Achas que fazeres o curso de Som e Imagem na Universidade Católica do Porto contribuiu de uma forma especial para a tua visão de cinema? De que forma a faculdade contribuiu para o teu crescimento?
Queria frisar que todo o filme foi feito durante a licenciatura. Acho incrível quando olho para trás e penso que quando entrei na Universidade nunca tinha trabalhado nem com uma máquina fotográfica muito menos com uma câmara de filmar. Três anos depois faço o "Píton" e a área que mais me fascina, mais até que realização, é direcção de fotografia. A mim, a Universidade trouxe-me realmente uma visão diferente do mundo porque vivia numa aldeia, consumia muita televisão, desconhecia por completo a Internet e não lia jornais nem revistas. Não me questionava sobre grandes problemas mundiais a não ser os sensacionalistas que alguns media desenvolvem. Entrar na faculdade, ainda por cima numa cidade como o Porto, fez-me entrar noutro "mundo", aperceber-me de imensos problemas e sobretudo crescer. Além disto tudo, a Universidade dá-nos a possibilidade de tentar e de errar, e isto é muito importante, nomeadamente em cinema. Sinto que quando sair da Universidade já saiu dentro desse outro mundo e com muitos erros já corrigidos.

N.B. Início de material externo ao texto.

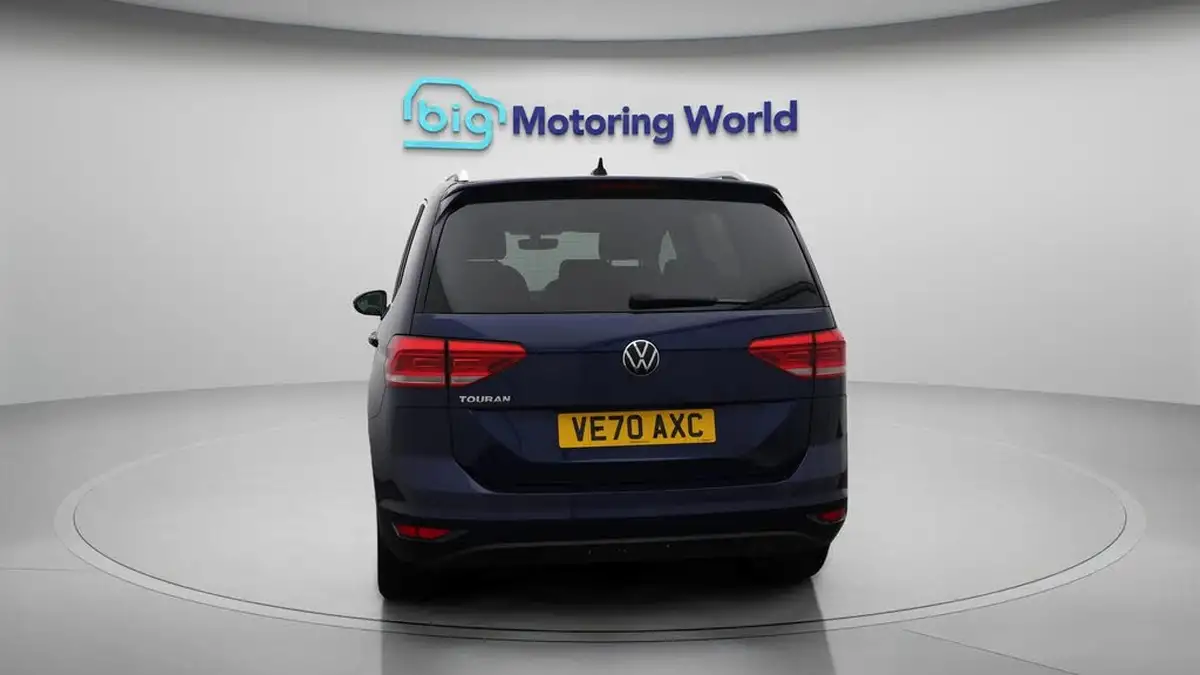 2020-volkswagen-touran-15-tsi-sel-dsg-big-6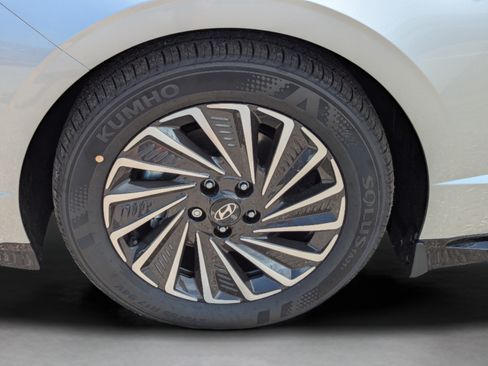 New 2026 Hyundai Sonata SEL FWD image 36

Queres falar-nos sobre os teus trabalhos passados?
A não ser um videoclip que fiz, os meus trabalhos passados não passam de exercícios, experiências para errar como já referi. Este filme é realmente o meu primeiro Filme.



Tens planos para a distribuição e promoção de “Píton”?
Penso que os planos que tenho para a distribuição do filme são bastante normais: enviar para festivais de cinema. Ainda não estou propriamente dentro da área de promoção para perceber o que este ou outro filme pode dar. Por enquanto, e depois de ter estreado cá em Portugal e de ter tido um feedback muito positivo dos júris estrangeiros, quero realmente tentar que o filme seja visto fora de Portugal, porque acho que esta troca de culturas através do Documentário é uma grande vantagem do cinema.

Já te encontras a trabalhar num novo projecto?
Sim, depois do "Píton" já estive envolvido em mais dois documentários ("Paulo Neves - Cucujães, O Centro do Meu Mundo" e uma longa em fase de pós-produção) e uma ficção. Tenho produzido também alguns videoclips. Já tenho ideia para um próximo documentário mas nesse vou mesmo precisar de apoios para poder realiza-lo, então é possível que ainda demore antes de começar a ser feito.

Quais são as tuas maiores influências no mundo do cinema?
Os realizadores que conseguem ter um leque de filmes em que eu gosto da grande maioria que vi são Theodorus Angelopulos, Harmony Korine, Kim Ki-duk e Werner Herzog. Há muitos mais que me influenciam em vários aspectos mas estes 4 tem um estilo completamente distinto uns dos outros e mantém-no sempre nas suas obras, e muito bem.